Here is the second amendment, as it appears on Wikipedia:

"A well regulated militia being necessary to the security of a free state, the right of the people to keep and bear arms shall not be infringed."

I realize that there have been other variations and much debate as to what it actually means, especially with the placing of commas, which can vary the interpretation, BUT:

The individual in another forum mentioned that "to keep and bear arms" is a "right", which doesn't seem debatable to me.

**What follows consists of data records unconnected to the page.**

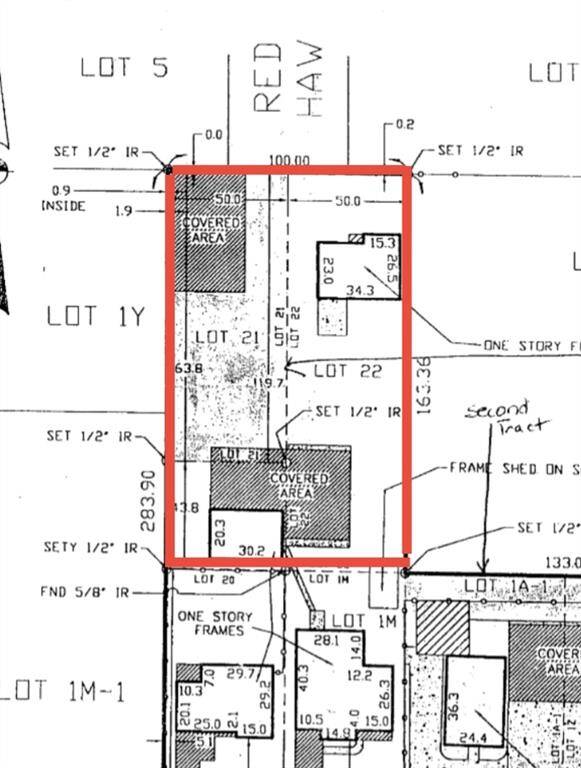 From old survey shows current structures. BUYER WILL HAVE TO PURCHASE NEW SURVEY for Lot 21 & 22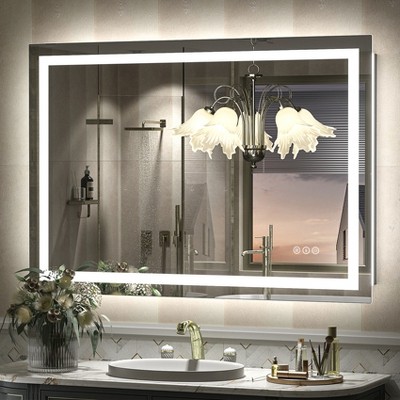 Apmir Super Bright Front & Back LED Lighted Anti-Fog Tempered Glass Bathroom/Vanity Mirror with ETL & 3-Year Warranty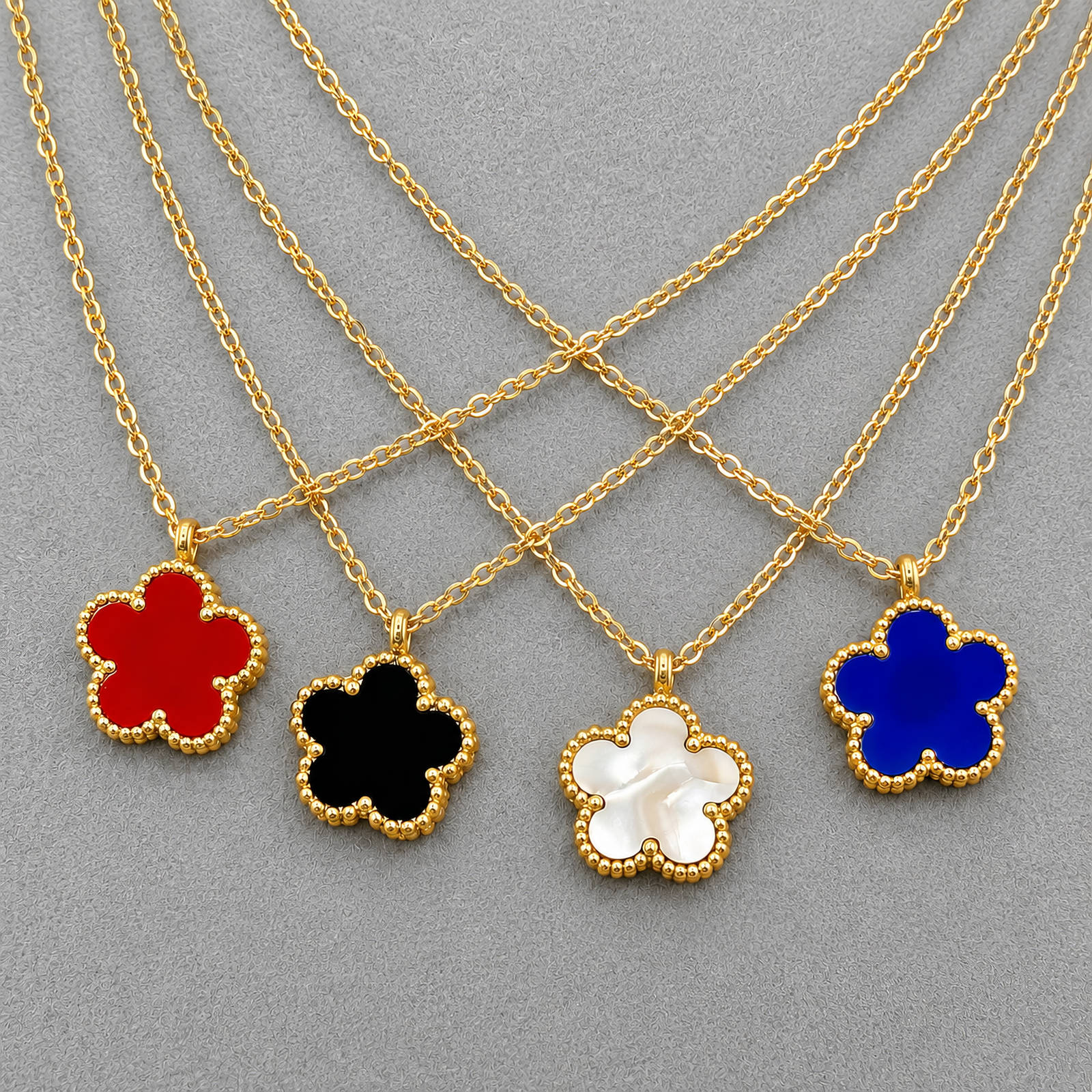 Flower Necklace, Various Colours, 18K Gold Plated Steel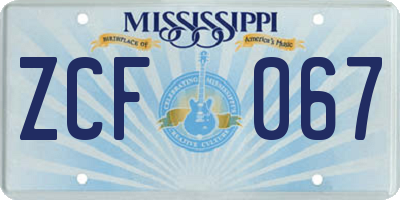 MS license plate ZCF067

Merriam-Webster defines a "right", as follows, relative to what it states in the second amendment, under the "simple" definition. (For further discussion(or obfuscation), refer to the following: http://www.merriam-webster.com/dictionary/right ): something that a person is or should be morally or legally allowed to have, get, or do

I have a concealed carry "license", which is defined, as follows: an official document, card, etc., that gives you permission to do, use, or have something (This is the simple definition. For further clarification, refer to the following: http://www.merriam-webster.com/dictionary/license).

So, how did the right to keep and bear arms ever become a topic of so much debate? If I have the right, which is something I am morally or legally allowed to have, why do I need a license, which gives me permission to do, use, or have something, which, in my case, is carry a concealed weapon. If the right to keep and bear arms is morally or legally allowed, how can background checks, paperwork, etc., when it relates to the purchase of a firearm even be constitutional? That is, why do I need permission to exercise a right?

Something to think about. I now think of this in a whole different manner.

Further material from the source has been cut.